Reconfigurable ONNs implementation based on 4f system. a Calculation process implementation of a single neuron, including linear and nonlinear operation39. b Reconfigurable ONNs built on 4f system and SLMs39, the nonlinear optical activation function in the optical system is realized based on electromagnetically induced transparency161,162. c Reconfigurable ONNs built on 4 f system and DMDs40. d Implementation of experimental setup40 for (c). a, b Reprinted with permission from ref. 39 from © Optical Society of America. c, d Reprinted with permission from ref. 40 from © Optical Society of America
ONNs based on discrete optical diffractive elements
The trainable parameters (modulation units) of the ONNs built based on the 4f system are used to be placed in the Fourier plane37,38,39,40, which limits the expansion of trainable parameters and the number of hidden layers. However, free-space DONNs constructed by diffractive elements42,43,44,45,46,47,48,49,50,51,52,53,54,55,56,57,58,59 can overcome these limitations well. In 2018, Lin et al.42 proposed an all-optical deep learning framework, in which neural networks are physically formed by multiple layers of diffractive surfaces (Fig. 7a).
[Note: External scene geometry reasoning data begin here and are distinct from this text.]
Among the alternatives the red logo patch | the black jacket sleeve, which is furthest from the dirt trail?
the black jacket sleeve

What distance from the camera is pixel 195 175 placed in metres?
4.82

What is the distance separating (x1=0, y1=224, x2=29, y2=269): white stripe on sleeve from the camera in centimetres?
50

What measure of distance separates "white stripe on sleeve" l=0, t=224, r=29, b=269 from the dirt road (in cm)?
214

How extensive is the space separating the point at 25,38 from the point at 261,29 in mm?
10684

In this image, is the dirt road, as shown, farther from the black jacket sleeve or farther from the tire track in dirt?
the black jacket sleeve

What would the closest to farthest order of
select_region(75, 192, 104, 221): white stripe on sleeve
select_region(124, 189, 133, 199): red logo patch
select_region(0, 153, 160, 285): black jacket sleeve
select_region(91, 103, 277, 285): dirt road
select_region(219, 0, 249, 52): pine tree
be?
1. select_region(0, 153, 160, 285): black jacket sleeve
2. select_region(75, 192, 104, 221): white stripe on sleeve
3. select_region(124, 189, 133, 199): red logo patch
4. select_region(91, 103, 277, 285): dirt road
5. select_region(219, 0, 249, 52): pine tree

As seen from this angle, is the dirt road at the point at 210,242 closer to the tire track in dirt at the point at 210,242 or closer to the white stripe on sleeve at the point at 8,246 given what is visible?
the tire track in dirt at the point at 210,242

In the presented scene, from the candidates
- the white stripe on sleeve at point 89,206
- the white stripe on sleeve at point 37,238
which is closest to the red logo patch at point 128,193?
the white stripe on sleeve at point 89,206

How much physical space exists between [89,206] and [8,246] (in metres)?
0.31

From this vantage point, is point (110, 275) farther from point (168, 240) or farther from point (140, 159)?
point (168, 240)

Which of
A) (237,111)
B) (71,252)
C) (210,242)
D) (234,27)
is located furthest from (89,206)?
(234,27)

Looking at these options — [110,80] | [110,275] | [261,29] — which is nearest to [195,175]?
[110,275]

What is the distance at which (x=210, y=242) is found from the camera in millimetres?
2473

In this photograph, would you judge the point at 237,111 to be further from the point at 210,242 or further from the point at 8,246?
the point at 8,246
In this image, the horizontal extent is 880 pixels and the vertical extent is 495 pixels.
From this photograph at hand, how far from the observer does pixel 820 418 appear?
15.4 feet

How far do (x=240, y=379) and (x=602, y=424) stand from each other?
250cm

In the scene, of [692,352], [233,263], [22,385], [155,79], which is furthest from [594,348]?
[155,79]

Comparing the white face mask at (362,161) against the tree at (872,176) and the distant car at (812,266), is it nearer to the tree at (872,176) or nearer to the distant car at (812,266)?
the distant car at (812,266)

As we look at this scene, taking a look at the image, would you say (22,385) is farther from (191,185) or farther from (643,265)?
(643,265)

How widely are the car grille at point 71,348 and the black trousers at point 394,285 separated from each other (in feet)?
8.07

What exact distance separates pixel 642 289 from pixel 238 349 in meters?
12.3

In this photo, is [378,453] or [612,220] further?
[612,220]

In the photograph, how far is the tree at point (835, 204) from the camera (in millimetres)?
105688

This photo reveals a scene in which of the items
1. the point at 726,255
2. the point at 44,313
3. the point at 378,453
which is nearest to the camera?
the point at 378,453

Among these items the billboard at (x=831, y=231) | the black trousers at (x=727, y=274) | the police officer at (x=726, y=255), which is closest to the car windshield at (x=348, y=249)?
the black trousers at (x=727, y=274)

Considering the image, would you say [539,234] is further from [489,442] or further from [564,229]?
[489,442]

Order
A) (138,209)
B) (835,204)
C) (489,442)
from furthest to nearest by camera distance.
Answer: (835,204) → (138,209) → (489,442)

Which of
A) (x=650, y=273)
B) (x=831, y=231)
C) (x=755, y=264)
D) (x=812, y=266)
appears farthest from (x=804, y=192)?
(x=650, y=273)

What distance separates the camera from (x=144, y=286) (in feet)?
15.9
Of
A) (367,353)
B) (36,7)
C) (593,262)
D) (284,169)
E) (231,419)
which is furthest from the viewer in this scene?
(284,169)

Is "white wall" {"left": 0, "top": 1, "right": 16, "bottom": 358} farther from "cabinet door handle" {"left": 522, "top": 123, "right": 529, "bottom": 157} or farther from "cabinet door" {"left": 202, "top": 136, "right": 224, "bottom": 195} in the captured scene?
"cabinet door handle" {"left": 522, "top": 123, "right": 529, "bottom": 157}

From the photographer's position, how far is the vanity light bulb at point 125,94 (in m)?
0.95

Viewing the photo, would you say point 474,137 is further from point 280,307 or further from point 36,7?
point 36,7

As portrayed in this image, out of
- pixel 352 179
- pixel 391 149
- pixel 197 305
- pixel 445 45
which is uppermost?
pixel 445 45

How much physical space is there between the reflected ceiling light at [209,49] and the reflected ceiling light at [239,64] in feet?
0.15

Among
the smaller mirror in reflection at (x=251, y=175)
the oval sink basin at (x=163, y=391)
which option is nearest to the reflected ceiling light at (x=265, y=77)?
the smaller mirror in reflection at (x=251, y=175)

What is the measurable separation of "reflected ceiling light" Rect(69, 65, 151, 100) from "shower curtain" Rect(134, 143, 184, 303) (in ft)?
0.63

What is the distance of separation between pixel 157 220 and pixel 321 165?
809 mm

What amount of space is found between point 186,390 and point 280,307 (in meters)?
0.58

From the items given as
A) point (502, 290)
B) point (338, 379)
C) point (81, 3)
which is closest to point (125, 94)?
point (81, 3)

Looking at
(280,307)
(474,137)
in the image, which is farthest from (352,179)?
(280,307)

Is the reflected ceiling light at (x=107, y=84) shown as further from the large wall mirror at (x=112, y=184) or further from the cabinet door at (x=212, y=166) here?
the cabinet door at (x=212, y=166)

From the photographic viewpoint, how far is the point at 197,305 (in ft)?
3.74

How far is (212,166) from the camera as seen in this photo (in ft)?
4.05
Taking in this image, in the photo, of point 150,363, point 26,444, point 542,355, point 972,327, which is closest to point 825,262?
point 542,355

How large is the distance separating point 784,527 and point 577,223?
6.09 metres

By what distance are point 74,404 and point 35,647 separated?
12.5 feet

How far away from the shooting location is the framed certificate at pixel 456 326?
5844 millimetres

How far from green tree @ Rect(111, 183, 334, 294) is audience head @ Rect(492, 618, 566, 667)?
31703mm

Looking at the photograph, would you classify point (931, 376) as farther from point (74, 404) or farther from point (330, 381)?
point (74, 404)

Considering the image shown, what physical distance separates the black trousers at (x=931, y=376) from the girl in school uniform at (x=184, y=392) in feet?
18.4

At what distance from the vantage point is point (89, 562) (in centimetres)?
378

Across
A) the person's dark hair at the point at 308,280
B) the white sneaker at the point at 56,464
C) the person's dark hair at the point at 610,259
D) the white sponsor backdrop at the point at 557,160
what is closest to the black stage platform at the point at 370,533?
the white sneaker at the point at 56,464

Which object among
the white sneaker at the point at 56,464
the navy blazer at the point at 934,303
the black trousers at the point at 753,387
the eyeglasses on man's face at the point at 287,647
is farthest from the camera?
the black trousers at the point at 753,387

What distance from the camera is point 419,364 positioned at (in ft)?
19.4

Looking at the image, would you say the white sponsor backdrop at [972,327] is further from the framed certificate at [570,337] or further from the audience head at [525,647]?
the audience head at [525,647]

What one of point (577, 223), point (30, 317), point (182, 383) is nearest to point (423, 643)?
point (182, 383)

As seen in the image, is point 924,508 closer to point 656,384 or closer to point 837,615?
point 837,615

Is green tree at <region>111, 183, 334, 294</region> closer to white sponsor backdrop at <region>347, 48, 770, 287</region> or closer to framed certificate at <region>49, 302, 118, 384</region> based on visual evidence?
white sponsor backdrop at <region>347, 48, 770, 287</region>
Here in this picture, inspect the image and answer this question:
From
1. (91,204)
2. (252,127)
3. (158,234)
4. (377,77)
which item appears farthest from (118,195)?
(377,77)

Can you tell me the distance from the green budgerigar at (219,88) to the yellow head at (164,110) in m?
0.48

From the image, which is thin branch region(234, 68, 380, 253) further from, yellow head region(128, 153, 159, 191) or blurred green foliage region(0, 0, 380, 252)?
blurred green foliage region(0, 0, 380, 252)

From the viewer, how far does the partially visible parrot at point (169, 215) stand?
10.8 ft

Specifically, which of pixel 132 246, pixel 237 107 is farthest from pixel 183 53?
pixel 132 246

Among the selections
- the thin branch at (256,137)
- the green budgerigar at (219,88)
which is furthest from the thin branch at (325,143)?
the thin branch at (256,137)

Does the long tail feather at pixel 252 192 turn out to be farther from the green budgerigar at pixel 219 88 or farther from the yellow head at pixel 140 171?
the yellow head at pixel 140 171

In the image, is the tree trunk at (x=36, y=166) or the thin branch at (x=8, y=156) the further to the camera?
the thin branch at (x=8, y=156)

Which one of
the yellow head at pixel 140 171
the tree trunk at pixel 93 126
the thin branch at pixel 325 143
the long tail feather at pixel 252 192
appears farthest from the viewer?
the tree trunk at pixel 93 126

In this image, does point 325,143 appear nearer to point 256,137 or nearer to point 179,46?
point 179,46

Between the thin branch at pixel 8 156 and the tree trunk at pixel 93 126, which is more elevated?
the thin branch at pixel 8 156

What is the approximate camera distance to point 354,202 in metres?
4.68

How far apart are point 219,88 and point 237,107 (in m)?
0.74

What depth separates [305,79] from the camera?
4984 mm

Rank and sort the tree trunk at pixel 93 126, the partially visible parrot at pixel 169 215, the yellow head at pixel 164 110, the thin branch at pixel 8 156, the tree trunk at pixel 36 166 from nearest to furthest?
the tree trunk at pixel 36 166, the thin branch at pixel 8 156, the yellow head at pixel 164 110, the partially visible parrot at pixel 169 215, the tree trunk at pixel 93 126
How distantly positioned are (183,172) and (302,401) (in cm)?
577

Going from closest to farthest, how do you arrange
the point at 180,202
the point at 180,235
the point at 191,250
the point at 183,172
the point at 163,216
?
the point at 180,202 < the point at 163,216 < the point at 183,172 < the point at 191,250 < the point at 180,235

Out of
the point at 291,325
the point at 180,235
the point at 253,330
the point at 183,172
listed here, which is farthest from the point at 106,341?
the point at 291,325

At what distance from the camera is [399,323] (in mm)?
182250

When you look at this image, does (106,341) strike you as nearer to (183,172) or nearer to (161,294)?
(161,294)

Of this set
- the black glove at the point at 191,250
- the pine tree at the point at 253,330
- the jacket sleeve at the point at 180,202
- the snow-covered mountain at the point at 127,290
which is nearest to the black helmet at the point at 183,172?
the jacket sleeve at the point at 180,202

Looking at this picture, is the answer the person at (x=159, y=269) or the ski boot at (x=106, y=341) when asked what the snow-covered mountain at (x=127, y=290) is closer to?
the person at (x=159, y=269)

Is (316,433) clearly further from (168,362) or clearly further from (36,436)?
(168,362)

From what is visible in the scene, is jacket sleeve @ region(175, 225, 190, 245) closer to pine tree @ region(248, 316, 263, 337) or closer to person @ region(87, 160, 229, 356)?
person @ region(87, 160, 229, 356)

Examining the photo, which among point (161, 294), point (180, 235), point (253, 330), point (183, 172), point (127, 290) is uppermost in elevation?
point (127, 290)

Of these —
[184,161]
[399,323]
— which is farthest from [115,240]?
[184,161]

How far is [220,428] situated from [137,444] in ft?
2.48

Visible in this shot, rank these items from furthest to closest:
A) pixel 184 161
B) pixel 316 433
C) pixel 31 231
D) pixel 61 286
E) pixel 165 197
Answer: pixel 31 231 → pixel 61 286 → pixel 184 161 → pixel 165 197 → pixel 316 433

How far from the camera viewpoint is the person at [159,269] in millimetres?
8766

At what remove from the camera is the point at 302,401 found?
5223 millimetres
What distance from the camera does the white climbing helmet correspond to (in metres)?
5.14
The diffractive surfaces are composed of diffractive units, each of which is termed as a hidden layer in DONNs, and each diffractive unit on the diffractive surface is defined as a neuron. Meanwhile, the function of the diffractive unit is to change the phase difference after the light passes, and the specific phase difference values can be pre-trained on the computer through intelligent algorithms such as forward propagation, gradient descent, error back-propagation, etc. Among them, the forward propagation process (wave analysis) is demonstrated by the Rayleigh-Sommerfeld diffraction equation42. After obtaining all phase difference values, the diffractive surfaces can be fabricated using 3D printing technology to obtain the physical implementation device of DONNs (Fig. 7c). The relationship between the thickness of diffractive units and phase difference values is linear, and the specific value of the thickness of each diffractive unit can be calculated by the formula: \(h=\lambda \phi /\left(2\pi \varDelta n\right)\), where ∆n is the refractive index difference between the 3D printing material and air, \(\phi\) is the phase difference value (trainable parameter), \(\lambda\) is the wavelength of light propagation in free-space. Finally, Lin et al.42 validated the classification tasks of the MNIST and Fashion MNIST datasets by encoding the input signal into the amplitude and phase of light, respectively. This work proposed a novel scheme for the study of ONNs. In 2 years, Qian et al.44 designed a DONN (Fig. 7d) for logic gate operations (AND, OR, NOT, etc.) based on Rayleigh-Sommerfeld diffraction. The hidden layers function of the DONN is implemented by the Huygens metasurfaces fabricated through mechanical processing.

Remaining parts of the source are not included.